What the task requires: Would you return every entry below exactly as written, without its images?

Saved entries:
==================================================

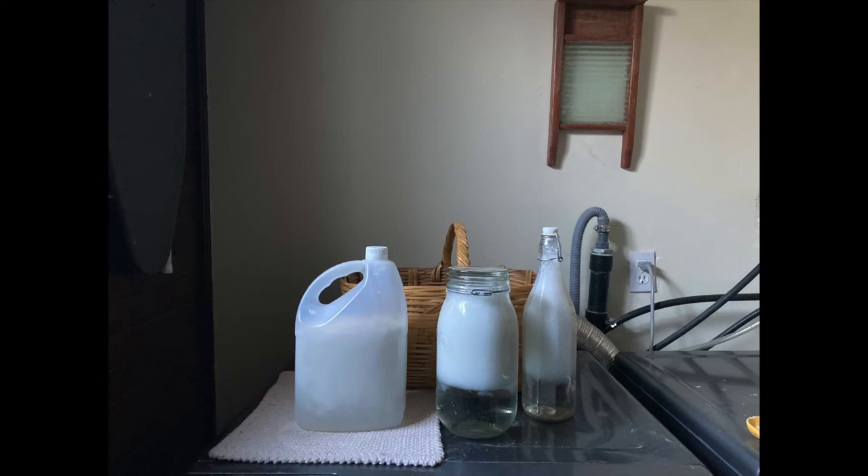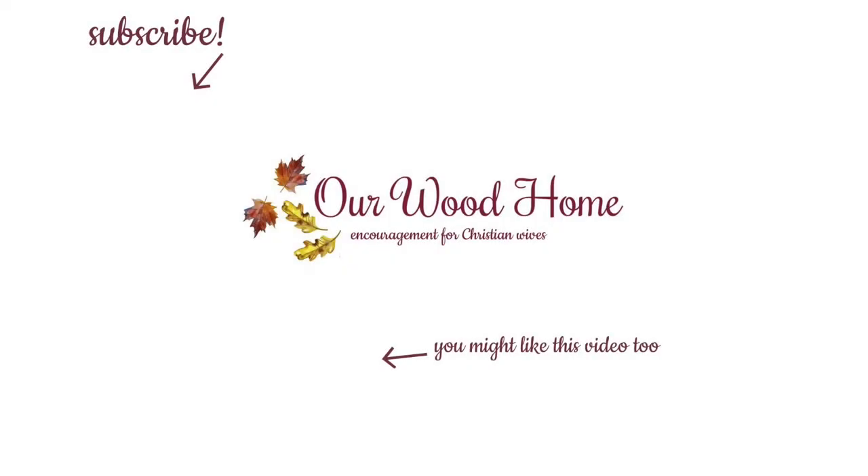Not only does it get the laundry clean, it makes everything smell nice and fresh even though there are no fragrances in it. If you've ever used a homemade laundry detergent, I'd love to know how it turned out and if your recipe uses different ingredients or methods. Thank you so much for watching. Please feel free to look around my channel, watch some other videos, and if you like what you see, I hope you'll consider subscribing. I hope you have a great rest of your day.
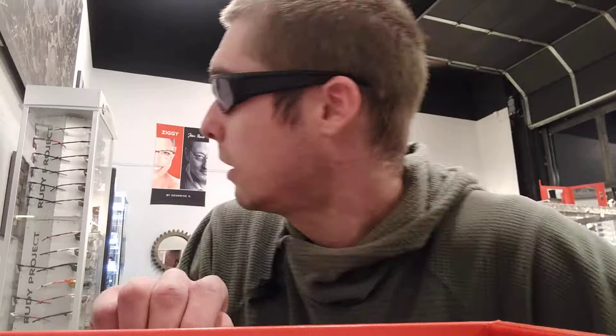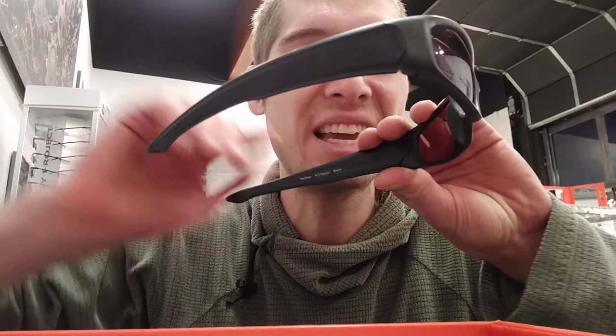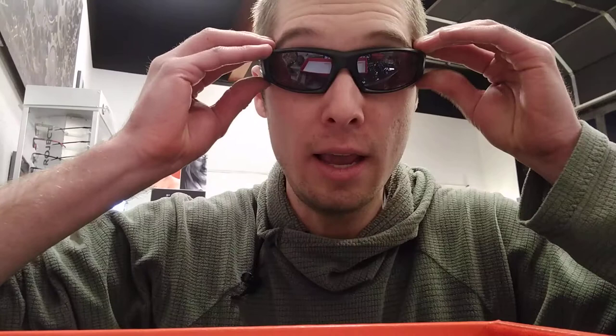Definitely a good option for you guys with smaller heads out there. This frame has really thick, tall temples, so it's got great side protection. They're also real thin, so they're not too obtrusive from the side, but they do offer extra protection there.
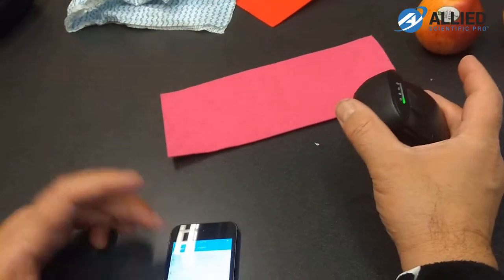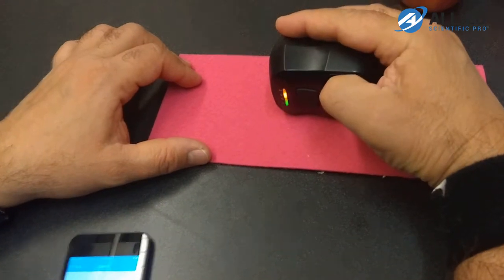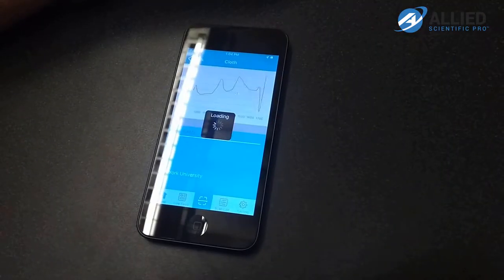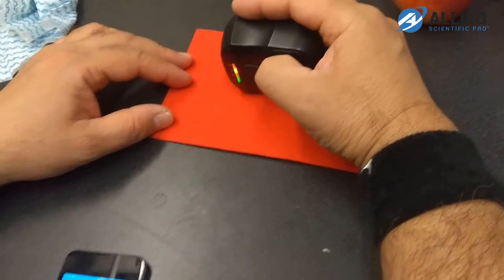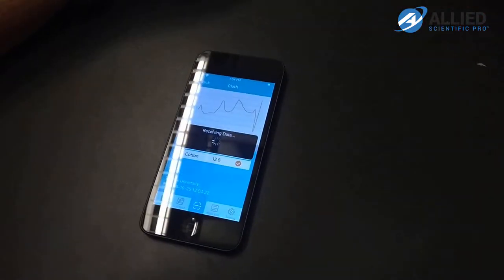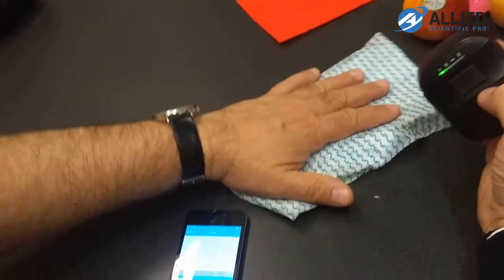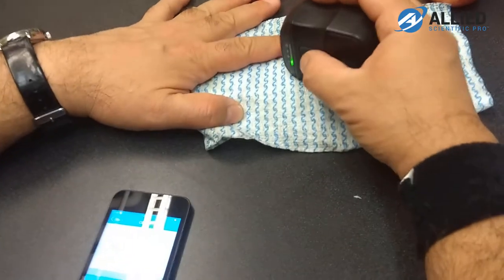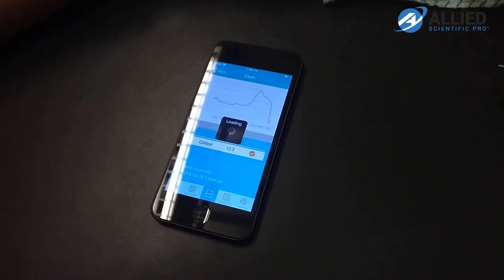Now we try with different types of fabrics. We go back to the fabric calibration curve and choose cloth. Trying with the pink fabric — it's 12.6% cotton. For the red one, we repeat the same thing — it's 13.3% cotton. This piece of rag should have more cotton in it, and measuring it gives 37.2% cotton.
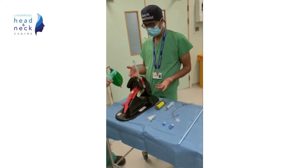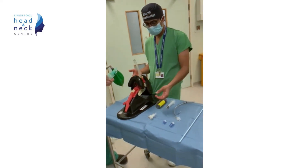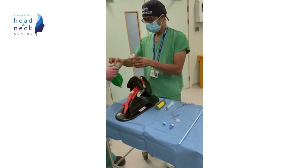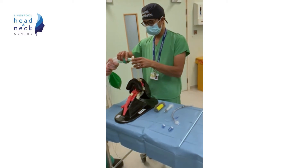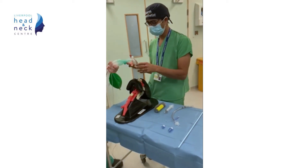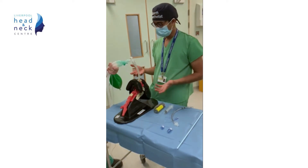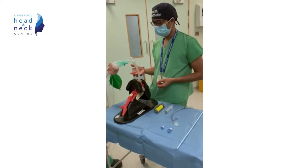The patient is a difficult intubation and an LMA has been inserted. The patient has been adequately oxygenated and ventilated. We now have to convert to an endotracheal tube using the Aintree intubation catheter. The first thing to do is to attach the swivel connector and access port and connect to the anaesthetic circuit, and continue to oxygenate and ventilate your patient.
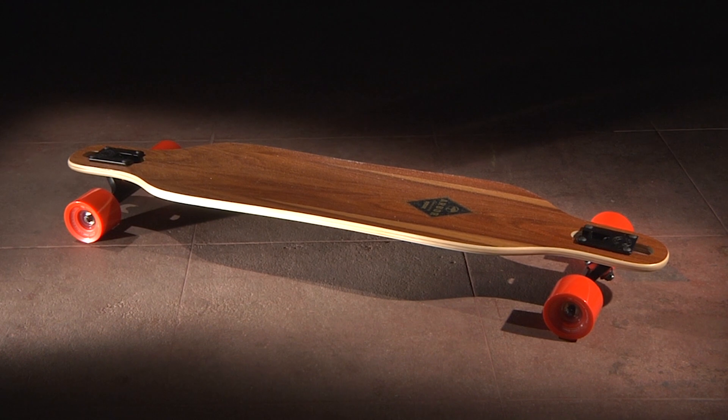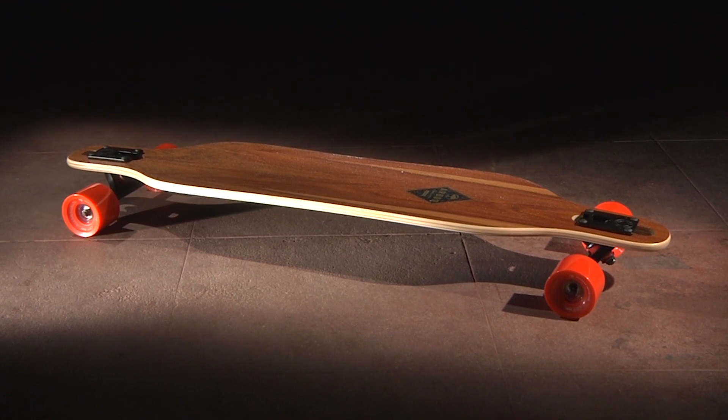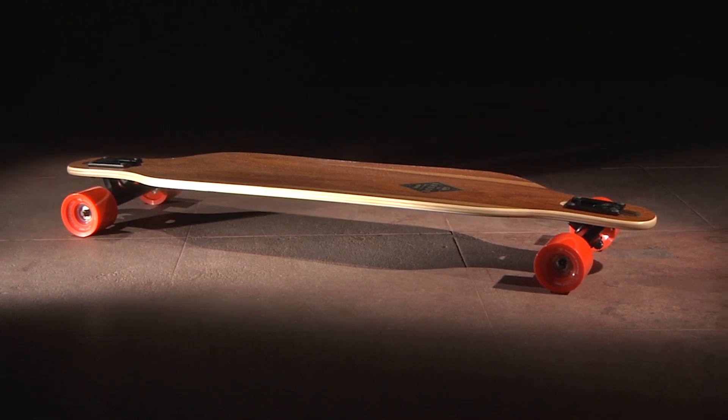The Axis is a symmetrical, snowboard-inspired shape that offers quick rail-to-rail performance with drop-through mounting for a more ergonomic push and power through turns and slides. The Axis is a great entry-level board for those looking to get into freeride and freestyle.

==================================================

Response to this task:
Not only does it get the laundry clean, it makes everything smell nice and fresh even though there are no fragrances in it. If you've ever used a homemade laundry detergent, I'd love to know how it turned out and if your recipe uses different ingredients or methods. Thank you so much for watching. Please feel free to look around my channel, watch some other videos, and if you like what you see, I hope you'll consider subscribing. I hope you have a great rest of your day.
Definitely a good option for you guys with smaller heads out there. This frame has really thick, tall temples, so it's got great side protection. They're also real thin, so they're not too obtrusive from the side, but they do offer extra protection there.
Now we try with different types of fabrics. We go back to the fabric calibration curve and choose cloth. Trying with the pink fabric — it's 12.6% cotton. For the red one, we repeat the same thing — it's 13.3% cotton. This piece of rag should have more cotton in it, and measuring it gives 37.2% cotton.
The patient is a difficult intubation and an LMA has been inserted. The patient has been adequately oxygenated and ventilated. We now have to convert to an endotracheal tube using the Aintree intubation catheter. The first thing to do is to attach the swivel connector and access port and connect to the anaesthetic circuit, and continue to oxygenate and ventilate your patient.
The Axis is a symmetrical, snowboard-inspired shape that offers quick rail-to-rail performance with drop-through mounting for a more ergonomic push and power through turns and slides. The Axis is a great entry-level board for those looking to get into freeride and freestyle.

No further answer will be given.